>Fresh from the Festival!
>If you haven’t heard about the Festival of Faith and Writing (see my previous post), it is a conference hosted by Calvin College in Michigan where authors, readers, writers, librarians, publishers, and more gather in community for three days to celebrate the art of language. It is a biennial conference, so the last time I attended was two years ago. And you would think, with a two-year head-start, that I would have been all read up on the authors and their books speaking this year. Well…you know how that goes. But as I listened to the lectures of Tim Stafford, the senior writer of Christianity Today, Wally Lamb, novelist of the bestseller She’s Come Undone, and Lisa Samson, author of over twenty Christian Fiction novels, I cannot help but put them on my never-ending list of things to read.
Some fun things that have happened so far:
First, remember what I said about rubbing elbows with literary luminaries? Well, it happened. My sister and I walked into the first session with an older couple twenty minutes early, who joked with us about the crazy 80s-styled carpet of the meeting hall. Later in the session, the speaker referred to the man by his name: Eugene Peterson. The man who translated The Message, pastoring and authoring other books since. We had no idea.

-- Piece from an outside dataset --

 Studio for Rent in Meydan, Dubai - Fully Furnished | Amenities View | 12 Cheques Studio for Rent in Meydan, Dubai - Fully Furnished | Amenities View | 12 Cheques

How does this author get his inspiration for new books? His characters start talking to him while he’s in the shower. And then, because he wants to get to know them and find out more about them, he writes. He confessed that he also feels somewhat “parental” toward his characters, saying, “I write about my characters because I worry about them.”
This afternoon, I heard from Kate DiCamillo, the children’s author who has penned The Tale of Desperaux, The Miraculous Journey of Edward Tulane, and The Magician’s Elephant. Kate explained that she wound up writing children’s books because she worked at a book warehouse on the 3rd floor where they packed and shipped the Children’s Books (and she spent a large part of her time there reading on the job!).